What I do know, is that amongst the wealthier middle class people in Metro Manila, there is a lot of codeswitching between Tagalog and English. Since these are the people with the most cultural and media influence, it might create the impression that the whole country is constantly codedswitching with English when they speak Tagalog, but in my experience they don`t. Most Filipinos are not middle class and not from Manila. Tagalog is very much still alive as the lingua franca, with a bit of English thrown in for style and richer vocabulary. For now.

  • Chiradeep Roy

    Sounds very similar to the situation here in India. Urban Indians generally have a good grasp of English and some Hindi depending on which state they’re from. Otherwise, we usually default to our mother tongues.

  • Leira

    It’s so good to know about the language diversity of my own country. When I was little I thought that Filipino is the language only for TVs and news but that all people really speak Cebuano, my native language. Later, I learned in school Tagalog and English since they’re actually part of the curriculum in our education system from Elementary even until College! No doubt, Filipinos can understand/speak fair English (just don’t speak too fast or else we get a nosebleed). For science related subjects, English is the medium of instruction. And your speculation is right! Professors do switch between English and our native language in the course of discussion. However, in taking Graduate degrees, speaking in our native language/lingua franca is discouraged.

  • Kuya Dan

    The system is actually really convenient for ‘language privacy’ XD.

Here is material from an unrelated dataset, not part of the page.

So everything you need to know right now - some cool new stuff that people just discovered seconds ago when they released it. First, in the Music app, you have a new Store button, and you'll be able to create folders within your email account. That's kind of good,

    When my Parents only want to talk amongst themselves. They speak Ilocano which isn’t really a barrier since me and my brother can understand basic Ilocano. The problem is that we tend to not know how to speak Ilocano which is a pretty common phenomenon between Filipino children. Many young Filipino children where I live (in the UK) will understand Tagalog and maybe their parent’s regional language but they respond in English :O It’s pretty odd :/

    When we only want to talk amongst the Family, we talk in Tagalog since it’s the language we all can understand and speak Tagalog.

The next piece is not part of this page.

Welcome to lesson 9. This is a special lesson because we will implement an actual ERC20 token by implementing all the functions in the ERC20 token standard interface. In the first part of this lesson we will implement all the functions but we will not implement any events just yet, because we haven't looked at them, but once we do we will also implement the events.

    And if we want everyone around us to understand, we’d speak in English since we live in the UK.

  • Sapphire Kiss

    It’s funny because sometimes we speak “conyo” where we mix our dialect+Filipino+English in one sentence.

    Anyway, this is a great article.

  • Jawad Joe

    Indonesian is much more interesting. It unites 742 languages and 250 million people. In my province South Sumatra only, there are about 7 native languages spoken. You don’t have to drive for hours, even neighboring cities speak different language. And Indonesian are understood by almost everyone. That is why Indonesian interesting.

    And compared to situations in the Phillipines and India, Indonesian enjoy much larger acceptance. It is very unusual for a country native language to become a lingua franca. Indonesia don’t even need to adopt English, because Indonesian language, with its simplicity, is far more suitable for a lingua franca.